Mr Firth’s interpretation seeks to measure and define “regularly attends” by reference either to the length of time of an assignment and/or the number of days of attendance. There is no warrant in the language (construed in its entirety) for such an approach. The measurement and definition of regular attendance in section 339(2) is by reference to the duties of the employment in question. It is entirely sensible that what it requires therefore varies with the length of that employment and the attendance necessary and is sufficiently flexible to accommodate any assignment giving rise to a contract of service.

101.

The FTT’s interpretation, which we consider to be entirely consistent with the language in section 339(2) looked at in its entirety, avoids the anomalies and uncertainties generated by Mr Firth’s interpretation.

102.

For our part, we do not find the discussion in Isle of Wight Council v Platt to offer any great assistance in interpreting section 339(2), since it concerns the phrase “regular attendance” in the context of completely different legislation. In any event, if one accepts Mr Firth’s suggestion that that discussion supports the interpretation of the wording in this case as meaning “sufficiently often”, that is consistent with the interpretation of the FTT: attendance is regular if it is attendance which occurs sufficiently often to perform the duties of the particular employment.

103.

Mr Firth’s assertion that the FTT considered “regularly attends” to mean “attendance when required to do so” is not made out.
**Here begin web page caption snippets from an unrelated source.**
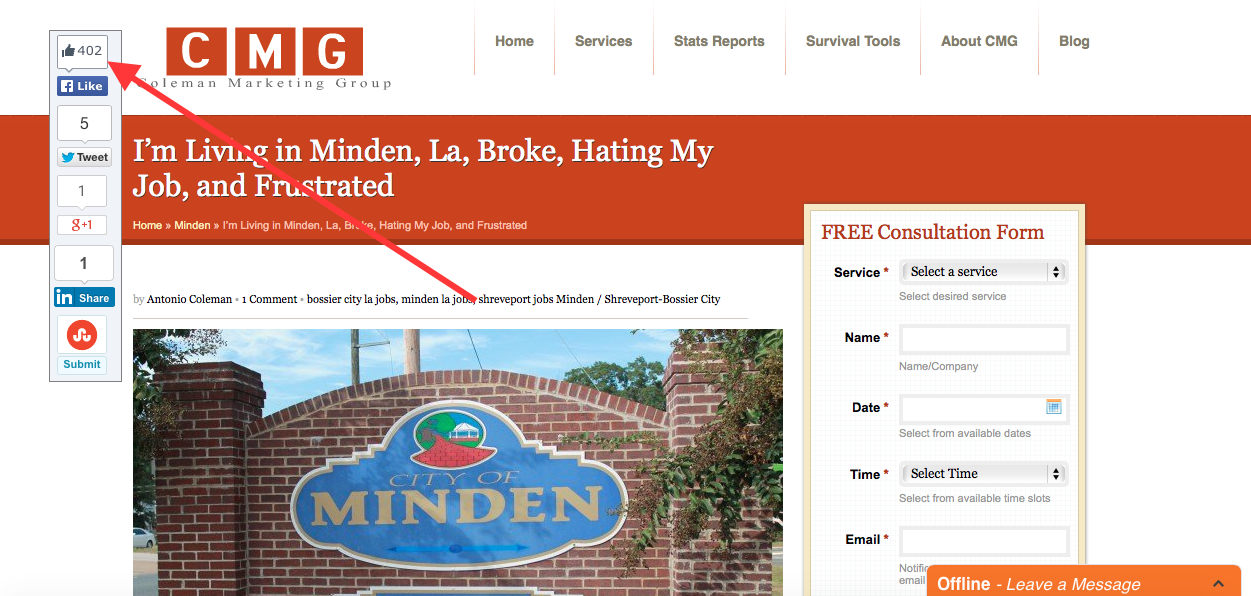 I’m Living in Minden, La, Broke, Hating My Job, and Frustrated Facebook shares for Coleman Marketing Group LLC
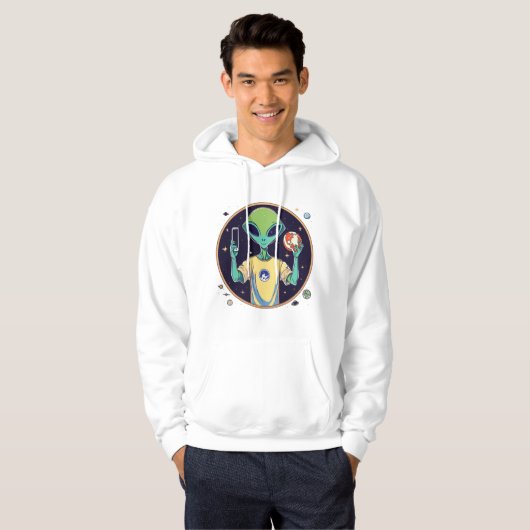 Galactic Selfie Explorer - Minimalistische Alien Hoodie (Vorne ganz)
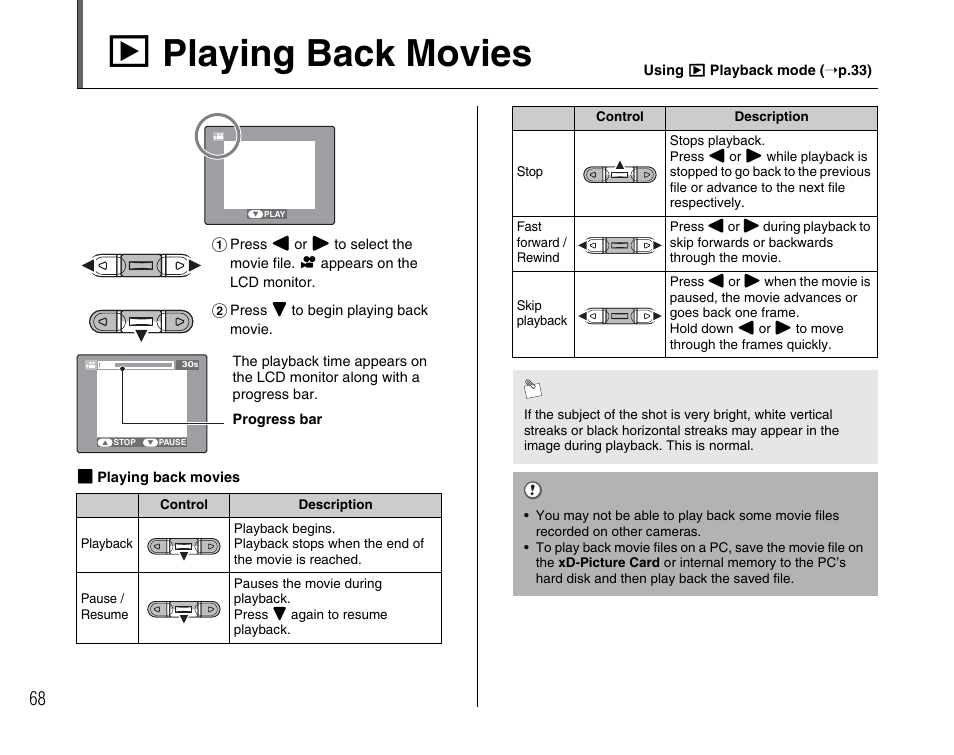 W playing back movies | FujiFilm A400 User Manual | Page 68 / 132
The FTT refers to that formulation of “regularly attends” only at FTT[166] and only for the purpose of addressing an argument of Mr Firth regarding attendance on an assignment of a single day.

104.

Our conclusion as to the meaning of “regularly attends” means that the appeal under Ground 3 fails. It is not necessary for us to determine the question of whether section 339 contemplates that a third category of workplace may exist which is neither temporary nor permanent as defined, and we express no view on that question.

105.

The appeal under Ground 3 is dismissed.